I still didn’t have a car, couldn’t afford to buy one, so I used most of what I had in my emergency fund to fly up and see Jared. I’d gone twice, the second time, I’d gone up on the bus. It took longer, but both had been worth it. I’d gone to his own football game, and Georgia confided after they came to see Stone that Jared begged his coach to switch him to wide receiver.

She didn’t ask how Stone was, and I was grateful. I think maybe she’d known not to ask, but I wasn’t going to ask about that either. We were both in a no-asking zone, and it suited me just fine.

And now I was standing in the Quail while Joe was looking at me like I was trying to convince him I came from Mars.

“You’re shitting me.” He was sitting back in his chair, a leg up and his ankle resting over his other knee. His hands were clasped together.

I shook my head. “Nope. I need the money.”

“You’re coming back now for the job I gave you before your coma and your parents died?”

I gritted my teeth. “Stone didn’t have any right to tell you that, but yes. I am. I need money,” I said it again. It needed to be said, because I NEEDED money! Like, yesterday. “I used up my funds to go see my brother. I’m still trying to go to college, and no, I don’t talk to Stone anymore, so he can’t help me. Not that he should’ve before.”

Joe stared at me. Long. Hard.

Cursing, he sat forward, picked up a pen and pointed outside the hallway behind me with it. “Every guy who works here knows Stone. They either love him or hate him. Sports is on the television all the time. The clip of you in Reeves’ arms after his one game, that was everywhere. Along with that video in the parking lot. Girls don’t know shit. You won’t have problems with any of them, unless it’s an obsessive fan, but those don’t come in here. Your problem is going to be the guys. They’ll want to talk to you about him. They’ll want to be the next him. You’ll be hit on almost from the time you walk in here to when you leave, and you’re going to have to be escorted to your vehicle by security because you’ll have guys following you, propositioning you.”

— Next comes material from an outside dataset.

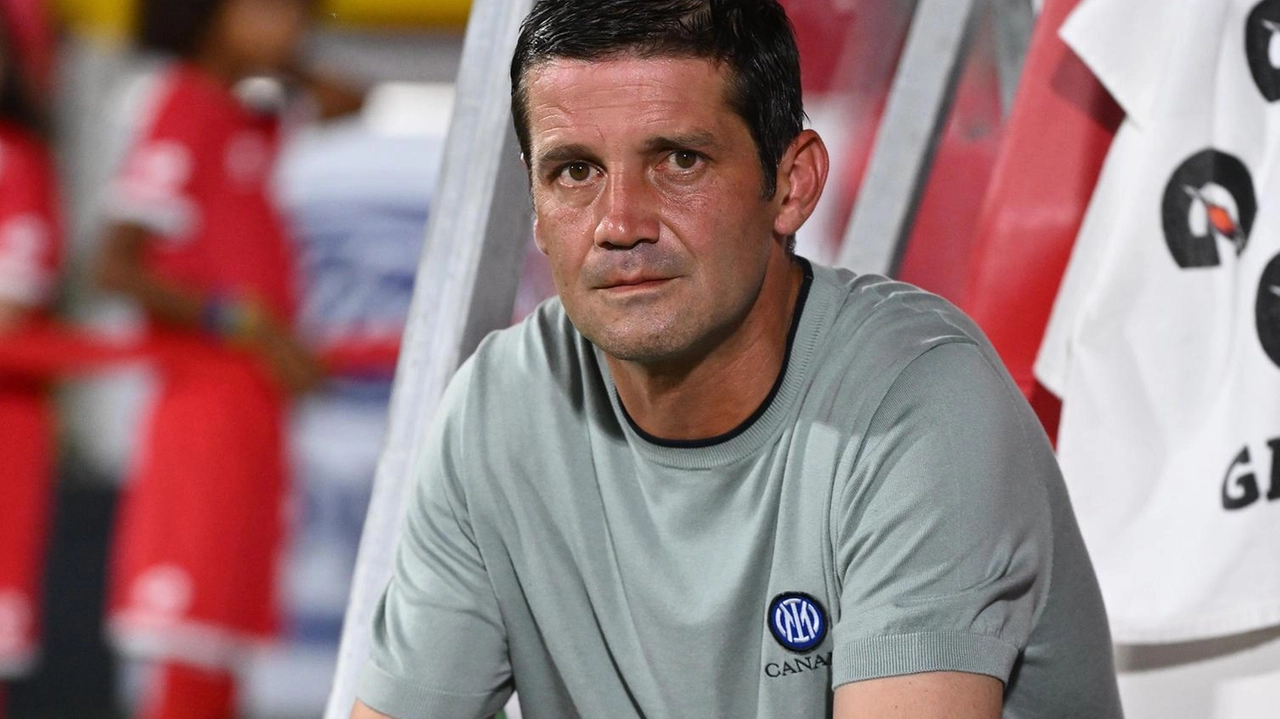 Dall’amaro al dolce, per tornare all’amarognolo. Cristian Chivu incamera altri segnali dall’Inter-bis. Fino a poco dalla fine. Si rivede il... Dall’amaro al dolce, per tornare all’amarognolo. Cristian Chivu incamera altri segnali dall’Inter-bis. Fino a poco dalla fine. Si rivede il...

Was now the time to tell him I’d be walking back and forth from work? I was taking that as a no.

“You’re not telling me anything I don’t know. I get the comments just walking around campus.”

“They’ll be worse here.”

My gut knotted up. “I need the money.”

Another long stare, another low curse, and he threw the pen at the corner of his office. His hands threaded together and he placed them behind his head. “This is not a good idea.” He squinted at me, turning his head to the side, his eyes taking on a more assessing look. “Can you change your hair?”

I reached back, grabbing my braid.

I’d never dyed my hair. Trimmed it. Permed it once, but never messed with the colors. It was a honey-blonde color, and in the summer I usually got almost white streaks.


He nodded. “Yep.”

“You want me to change my hair color?”

Another nod. “Yep.”

I was thinking. I was wondering.

What color would even work?

“You want me to darken it?”

He shrugged. “I don’t give a fuck. You can make it rainbow color for all I care.” He frowned. “Second thought, might not be a bad idea. The guys wouldn’t recognize you for sure then.” He clapped his hands together, grinning. He leaned forward in his chair, about to get up. “It’s decided. Rainbow hair. You won’t get harassed every night you work, and I got a server who can do her job without being harassed every night she works. Win-win.”